───── Data for this exercise ─────

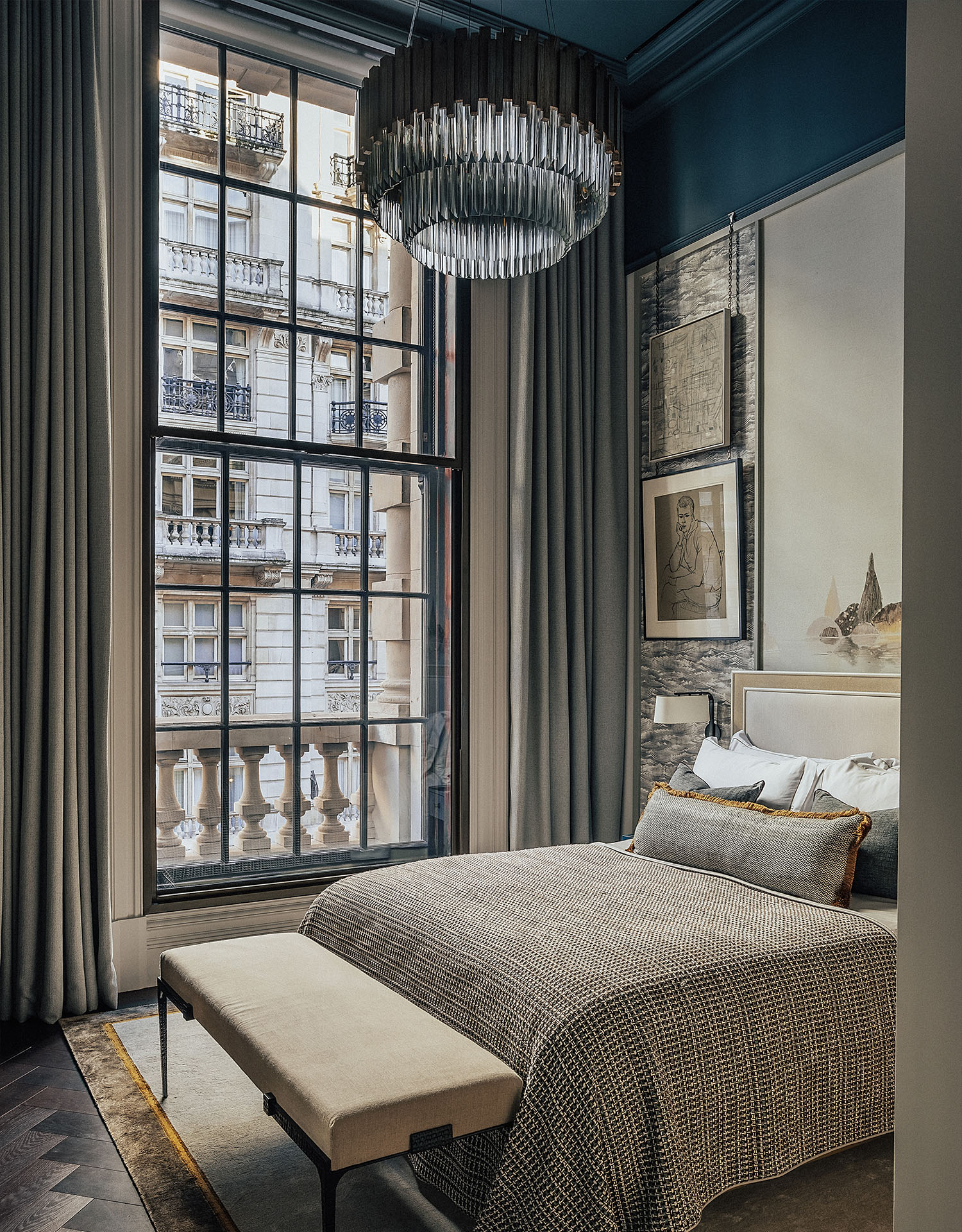 OWO Residences 3 | Warm neutrals and blue accents make up a cosy guest bedroom filled with art | Whitehall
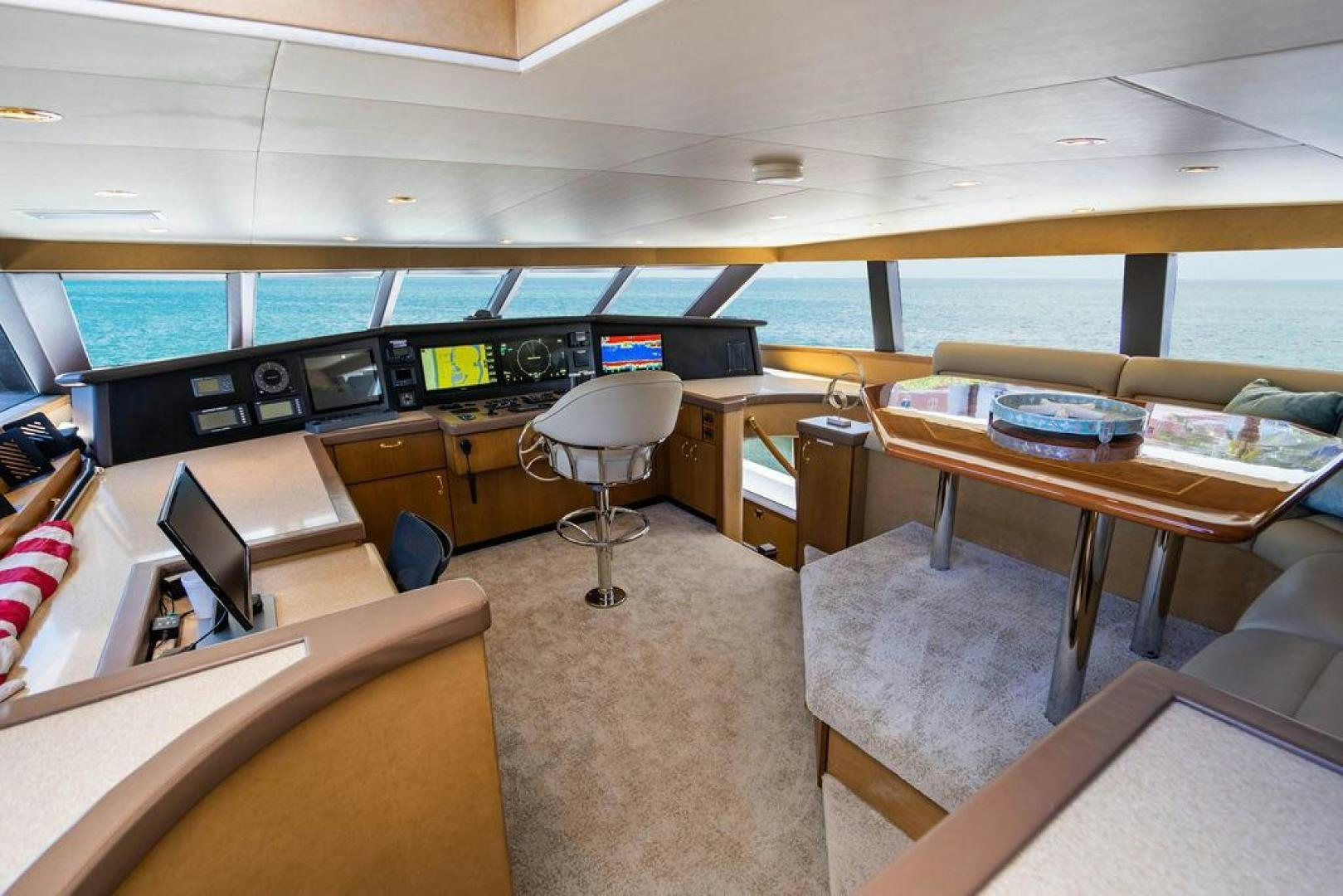 inside of a building with tables and chairs aboard NORTH COAST 120 Yacht for Sale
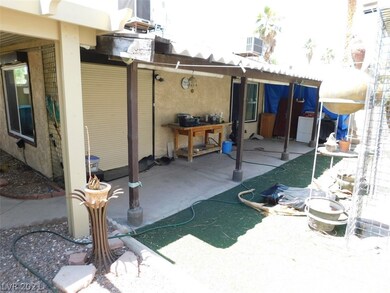 Spacious Backyard with mature landscaping and shad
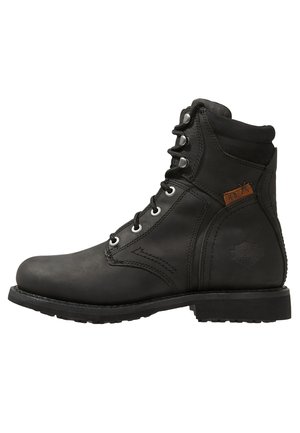 Schwarzer Lederknöchelstiefel mit Schnürvorderseite, Metallösen, gepolstertem Kragen, robuster Sohle und kleinem braunem Etikett an der Seite.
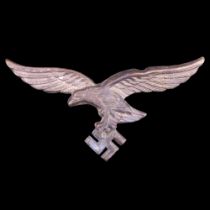 A German Third Reich Luftwaffe peaked cap badge, 68 mm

─────

Problem to work on: Give again, word for word, the lines above from the one with "Schwarzer Lederknöchelstiefel mit" through the final line of the data, both ends included. Do not copy any picture.

Reply to the task:
 Schwarzer Lederknöchelstiefel mit Schnürvorderseite, Metallösen, gepolstertem Kragen, robuster Sohle und kleinem braunem Etikett an der Seite.
 A German Third Reich Luftwaffe peaked cap badge, 68 mm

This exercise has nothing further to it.